Tuesday, 16 January 2018
Department of Finance
176. To ask the Minister for Finance his plans to rectify an anomaly in the State pension system whereby married persons who switch from a single payment with an adult dependant to individual pension claims do not receive a net increase in their income (details supplied); and if he will make a statement on the matter. [1754/18]
178. To ask the Minister for Finance if an anomaly in the State pension system whereby a married couple that switches from a single payment with an adult dependant to individual pension claims do not receive a net increase in income will be rectified (details supplied); and if he will make a statement on the matter. [2076/18]
I propose to take Questions Nos. 176 and 178 together.
I am advised by the Department of Employment Affairs and Social Protection that individual pensioners can apply for two State Pensions. The State Pension (Contributory) is based on social insurance contributions paid or credited over the course of a person’s working life. The State Pension (Non-Contributory) is a means tested payment. The State Pension (Contributory) has six payment bands ranging from €95.20 for those with an average of 10-14 contributions, up to €238.30 for this with an average of 48 or more contributions. The State Pension (Non-Contributory) payments start at €2.50 and rise incrementally up to a maximum of €227 per week (for those with weekly assessed means of less than €30). Individuals are paid whichever of the two potential pension payments is most beneficial to them (gross).

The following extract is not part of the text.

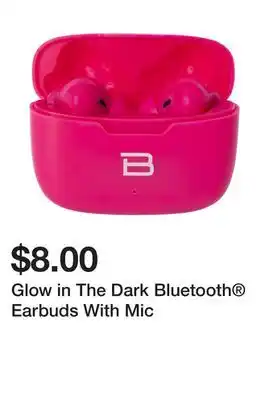 Five Below Glow in the dark bluetooth earbuds with mic offer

Pensioners can also apply for an increased payment in respect of a qualified adult (IQA) (i.e. an adult that is dependent on their income such as, for example, a dependant spouse). The IQA payment is means tested and can be paid directly to the Qualified Adult. The maximum amount payable to a Qualified Adult under the age of 66 is €158.80 (when related to State Pension (contributory) or €150 (when related to State Pension (non-contributory). When the Qualified Adult reaches pension age, he/she can apply for both available pensions in his/her own right, or continue to be classed as a qualified adult for the purposes of an IQA payment from the spouse’s pension. That over-66 IQA payment has a maximum rate of €213.50. Once more, the person is paid whatever payment is most beneficial to them (gross).
With regard to the taxation of these payments, the State Pension, including an increase to that pension in respect of a qualifying adult dependent, is chargeable to income tax.

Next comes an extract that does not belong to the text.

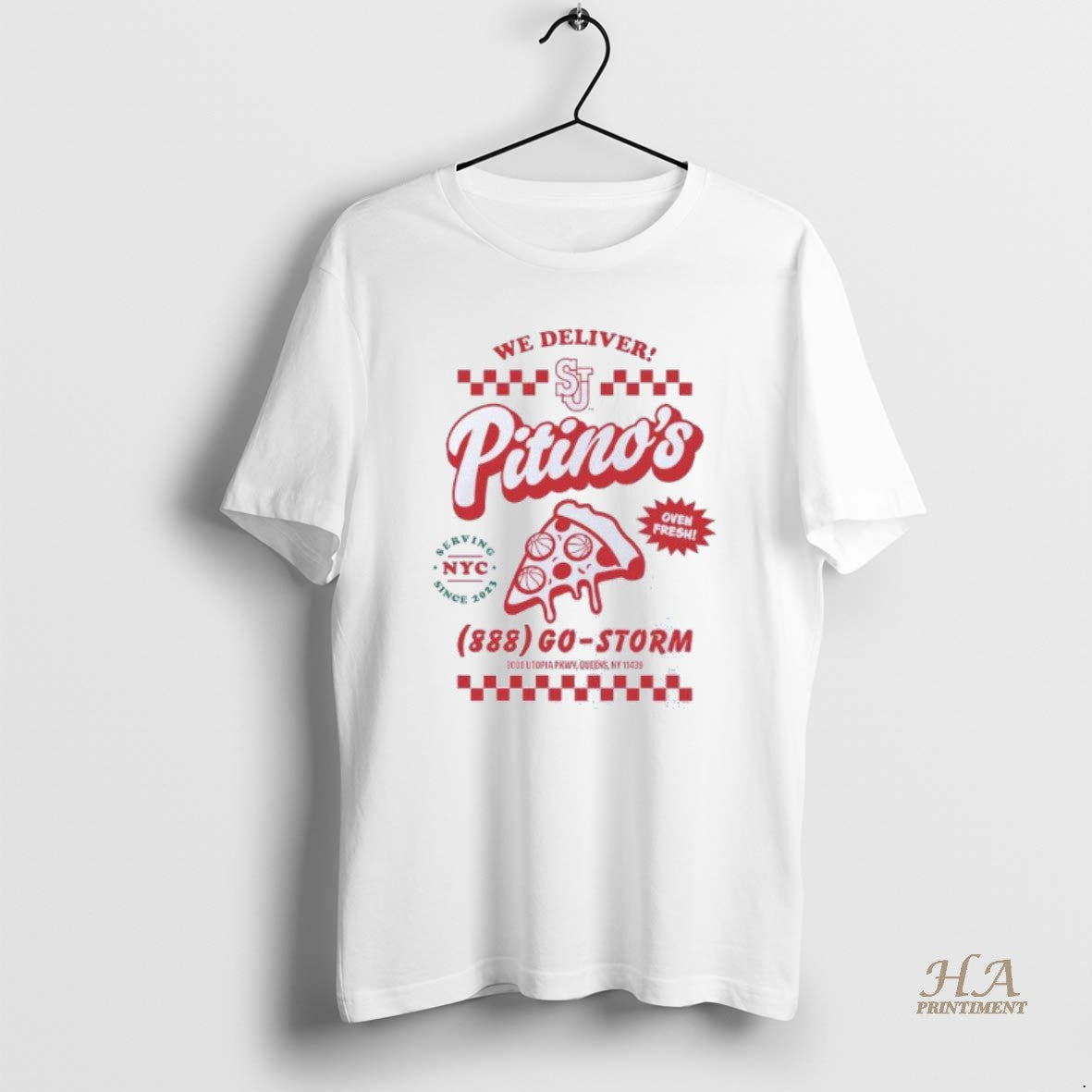 Official St Johns Red Storm Pizza We Deliver Pitinos Oven Fresh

Where an individual in a married couple is entitled to the State Pension and such pension is increased in respect of a qualifying adult dependant, Section 126(2B) of the Taxes Consolidation Act 1997 provides that it remains one pension for tax purposes and the individual claiming the pension is chargeable to tax on it. The individual is entitled to a PAYE tax credit of €1,650 to be set against his or her tax liabilities, in addition to the married personal tax credit of €3,300.
Alternatively, where a married couple are in receipt of two separate and distinct social welfare pensions, each spouse is chargeable to income tax in respect of their respective pension and each spouse is entitled to a PAYE tax credit of €1,650 in addition to the couple being entitled to the married personal tax credit of €3,300. The total value of tax credits available to a couple where both individuals has pension income in his/her own right therefore exceeds the total value of the credits available to a couple with only one source of pension income (such as a State Pension with IQA).
It is assumed that the individuals in question switched from a single payment with an adult dependant to individual pension claims in order to receive an increased gross pension payment. Having regard to the tax credits set out above, the circumstances set out in the question whereby a net decrease in income has occurred should not, in general, arise in practice. If the Deputy is aware of a couple that have identified what appears to be an anomaly in their tax affairs they should be advised to contact Revenue to have their tax affairs reviewed.
Many factors determine the tax position of any individual or couple including, for example, the receipt of additional incomes or an entitlement to additional tax credits due to particular circumstances. While any increase in income may lead to an increased tax liability, the structure of the income tax systems and the rates of charge are such that an increase in gross income should not, generally, lead to a decrease in net income.